Some time ago, I heard a church friend say that girls are dating guys outside of church because there simply aren’t enough Christian guys to go around.

Missionary dating is apparently what it’s called: Where a Christian dates a non-Christian in hopes to convert to him/her even though the Bible warns us not to be unequally yoked.

“Why do I penalise him just because he’s not a Christian?” my friend once asked me. “He is even more regular in attending services and cell groups than some of my cell group members.”

She made a good point. Calling yourself a Christian doesn’t necessarily mean you’re serious about the faith. But even then, is getting together with a lukewarm Christian really better than getting together with an enthusiastic pre-believer?

I know some people who converted because it was easier to give in to following their partner’s religion than to give up on the relationship. That’s a cause of concern to me, when a person comes into the faith because of their partner, and not because of God.

So for believers, is the unequally yoked problem automatically solved if the other party becomes a Christian? Or can a relationship be unequally yoked even if both parties share the same faith?

BEFORE YOU FALL IN LOVE

In Matthew 22:30, Jesus explicitly said that there won’t be marriage in heaven.

For the longest time, I have been asking myself why. If God instituted marital relationship before the Fall, then why remove it in the life to come?

But I recently discovered that the answer lies in the verses preceding the creation of Eve.

Then the LORD God took the man and placed him in the Garden of Eden to cultivate and keep it.

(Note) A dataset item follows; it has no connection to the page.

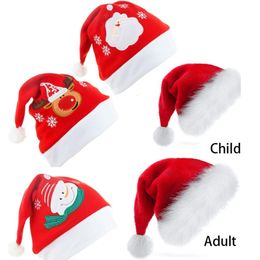 Christmas Decorations Cartoon Santa Hat Claus Snowman Elk Embroidered Decoration for Year Festive Holiday Party Supplies 230905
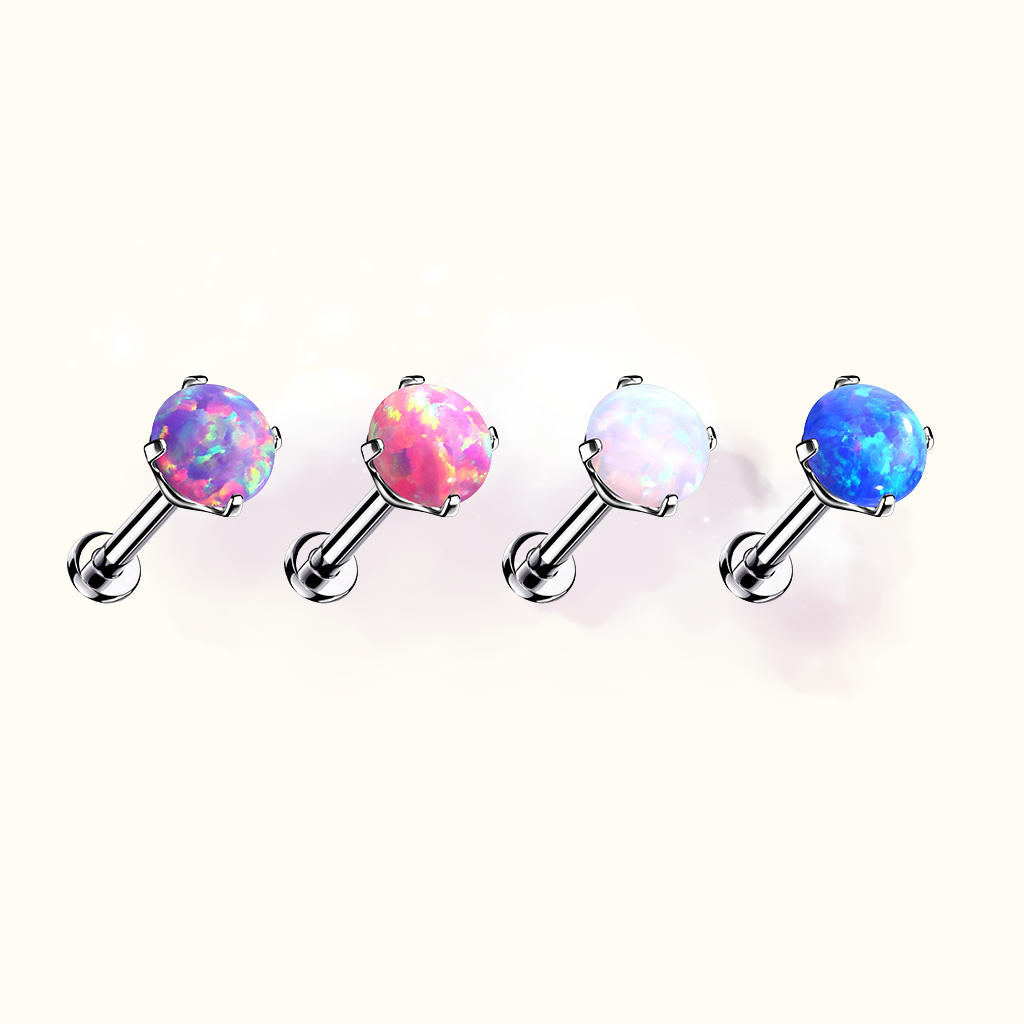 Prong Set Opal Studs - White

And the LORD God commanded him, “You may eat freely from every tree of the garden, but you must not eat from the tree of the knowledge of good and evil; for in the day that you eat of it, you will surely die.” The LORD God also said, “It is not good for the man to be alone. I will make for him a suitable helper.” (Genesis 2:15-18)

If we read Genesis 2:18 in isolation, we will simply assume that God created Eve for companionship. But when we understand the context of the verse, we’ll realise that Eve was created to help Adam obey God’s commandments.

God saw that it was not good for Adam to be alone after giving him specific instructions. So God decided to make Adam a suitable helper.

Eve was created to help Adam obey God’s commandments.

So this is why there isn’t a need for spouses and marriage in the afterlife: Each believer will be made perfect (Philippians 1:6) in a perfect place (Revelations 21:4).

Of course, Eve also had other functions to fulfill – companionship and procreation for example. But the initial reason for her being was to help Adam obey God.

Understanding this has a huge impact on who we choose to get attached or married to. We see clearly why we shouldn’t get together with a non-believer: How would he fulfill the biblical purpose of marriage when he isn’t even a believer in the first place?

Keeping a biblical perspective of marriage also raises the bar for us: Will this person be a suitable helper for me? Will I be a suitable helper for him? Will he push me towards Christlikeness?

AN UPHILL JOURNEY IS HARDER

Some of us might want to counter-argue: If we are to help each other in our spiritual journey, then why can’t we help our partner – who is weaker in their faith – through the relationship?

And I think that was the mindset my friend had when she tried to justify her relationship with a pre-believer: It’s not like he isn’t trying. So why should I penalise him?

But she eventually broke up with the guy some time later, after she came to see why the relationship would never work out.

In retrospect, she shared an analogy with me: “There was this preacher who once got a volunteer on stage while he himself stepped down the stage. Then he asked the volunteer to hold his hand and pull him up. The volunteer tried but couldn’t. Then the preacher yanked the volunteer and pulled the volunteer down in one try.”

“When you’re unyoked, it’s easier for the person to pull you down than for you to pull the person up,” she concluded.

What she said made perfect sense. But, unfortunately, not many people want to face up to being unequally yoked until reality hits them.

By then it’s too late. They end up believing they have to stay on in the relationship – they cannot leave without any scars.

Understanding that human marriages don’t exist in heaven puts everything into perspective.

Isn’t it funny how many of us spend so much time and effort pining after something which won’t even exist in the life to come? Wouldn’t it be sad if we chased and attained our relationship goals at the expense of our eternity?

But while marriage doesn’t have a place in eternity, it does have eternal significance.

The question is: Will we make our choices based on this life, or with eternity as our perspective?

If you are to pick someone, choose one who can take care of you in this present age – but also prepare you for the age to come.